“We cannot do anything but recognize the sovereignty of the Donetsk People's Republic.
At the end of a forty-minute professorial speech, Vladimir Putin buried in one sentence the last hopes of diplomats.
The recognition of the pro-Russian separatist regions, expected, immediately led to strong reactions from the Europeans, in the first place.
A "flagrant violation of the sovereignty" of Ukraine.
Prime Minister Boris Johnson was the first to speak out against the Russian leader's remarks.
A few minutes later, the European Union let it be known with one voice that it would react with “firmness” in the event of recognition of these separatist regions.
Emmanuel Macron and German Chancellor Olaf Scholz, mediators in the eastern Ukrainian conflict, conducted an emergency meeting with Volodymyr Zelensky, the Ukrainian president and their "closest partners".
In the process, Ukraine also requested an emergency meeting of the UN Security Council.
The UN chief rushed back to New York, canceling a visit to the Democratic Republic of Congo.
In the meantime, the United Nations calls "to refrain" from "any unilateral decision" that "undermines the integrity" of Ukraine.
Struck by Vladimir Putin for having "ignored from the start" the "fundamental proposals", NATO soberly "condemned" the decision of the Russian head of state.
The reaction of the United States, which has constantly alerted the world to the risk of an imminent Russian invasion, has been curiously slow.

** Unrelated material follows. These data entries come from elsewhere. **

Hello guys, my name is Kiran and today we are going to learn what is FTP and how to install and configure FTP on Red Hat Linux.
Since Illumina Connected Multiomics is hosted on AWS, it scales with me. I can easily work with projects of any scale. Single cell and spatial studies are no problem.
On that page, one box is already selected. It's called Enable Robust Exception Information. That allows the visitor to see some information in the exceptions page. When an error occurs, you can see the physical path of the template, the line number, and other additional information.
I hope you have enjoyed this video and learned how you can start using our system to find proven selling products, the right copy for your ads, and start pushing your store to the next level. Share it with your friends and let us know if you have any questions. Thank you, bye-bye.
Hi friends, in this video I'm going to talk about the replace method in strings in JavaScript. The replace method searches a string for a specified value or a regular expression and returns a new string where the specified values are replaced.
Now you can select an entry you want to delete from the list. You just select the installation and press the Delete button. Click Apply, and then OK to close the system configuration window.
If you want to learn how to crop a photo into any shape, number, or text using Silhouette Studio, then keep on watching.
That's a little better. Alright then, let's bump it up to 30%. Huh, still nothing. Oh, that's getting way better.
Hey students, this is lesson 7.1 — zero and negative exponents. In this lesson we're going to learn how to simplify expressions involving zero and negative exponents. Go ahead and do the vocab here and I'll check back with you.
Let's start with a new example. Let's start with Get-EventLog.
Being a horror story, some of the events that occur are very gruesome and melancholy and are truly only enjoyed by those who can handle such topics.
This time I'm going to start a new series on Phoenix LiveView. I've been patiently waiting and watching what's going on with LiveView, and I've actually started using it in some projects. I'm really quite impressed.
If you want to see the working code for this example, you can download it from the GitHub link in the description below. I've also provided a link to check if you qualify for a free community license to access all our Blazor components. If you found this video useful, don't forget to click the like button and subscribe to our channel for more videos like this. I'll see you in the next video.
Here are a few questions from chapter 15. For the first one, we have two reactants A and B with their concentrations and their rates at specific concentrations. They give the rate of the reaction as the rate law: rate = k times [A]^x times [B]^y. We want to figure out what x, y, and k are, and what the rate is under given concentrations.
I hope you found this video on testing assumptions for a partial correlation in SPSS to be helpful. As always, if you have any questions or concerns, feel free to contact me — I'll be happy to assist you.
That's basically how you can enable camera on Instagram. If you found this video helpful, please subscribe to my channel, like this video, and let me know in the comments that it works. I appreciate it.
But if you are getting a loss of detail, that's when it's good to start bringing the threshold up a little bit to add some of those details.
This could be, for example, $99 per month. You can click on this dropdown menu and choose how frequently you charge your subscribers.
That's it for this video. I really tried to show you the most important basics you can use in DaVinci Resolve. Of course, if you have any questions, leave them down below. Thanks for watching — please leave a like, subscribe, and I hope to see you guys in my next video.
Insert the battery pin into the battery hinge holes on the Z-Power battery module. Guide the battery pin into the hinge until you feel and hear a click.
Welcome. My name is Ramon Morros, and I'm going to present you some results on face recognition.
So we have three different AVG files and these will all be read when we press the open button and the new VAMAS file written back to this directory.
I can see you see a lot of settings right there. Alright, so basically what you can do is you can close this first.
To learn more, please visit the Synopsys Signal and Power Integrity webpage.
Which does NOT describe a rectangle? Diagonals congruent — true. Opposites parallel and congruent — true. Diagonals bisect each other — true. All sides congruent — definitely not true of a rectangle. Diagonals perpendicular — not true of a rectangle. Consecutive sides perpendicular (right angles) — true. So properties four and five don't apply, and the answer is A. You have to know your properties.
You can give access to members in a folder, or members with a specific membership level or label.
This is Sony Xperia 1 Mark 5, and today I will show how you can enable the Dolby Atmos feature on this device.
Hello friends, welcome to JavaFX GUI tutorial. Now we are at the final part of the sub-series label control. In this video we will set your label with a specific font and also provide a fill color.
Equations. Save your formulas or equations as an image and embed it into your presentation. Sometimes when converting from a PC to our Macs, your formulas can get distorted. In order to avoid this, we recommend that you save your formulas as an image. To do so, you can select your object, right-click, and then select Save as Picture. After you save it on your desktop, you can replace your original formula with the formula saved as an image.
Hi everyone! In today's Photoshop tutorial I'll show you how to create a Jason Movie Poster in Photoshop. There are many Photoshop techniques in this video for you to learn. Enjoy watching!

Joe Biden, the American president, took the time to chat privately with the Ukrainian president.
But the head of American diplomacy, Joseph Borrel, had warned a few moments earlier that "sanctions [were] on the table" in the event of recognition of the Donbass republics.
At 9:30 p.m., a little less than an hour after the end of Vladimir Putin's speech, Joe Biden kept his promises: the United States announced "sanctions" not against Russia, but against the separatist regions in Ukraine.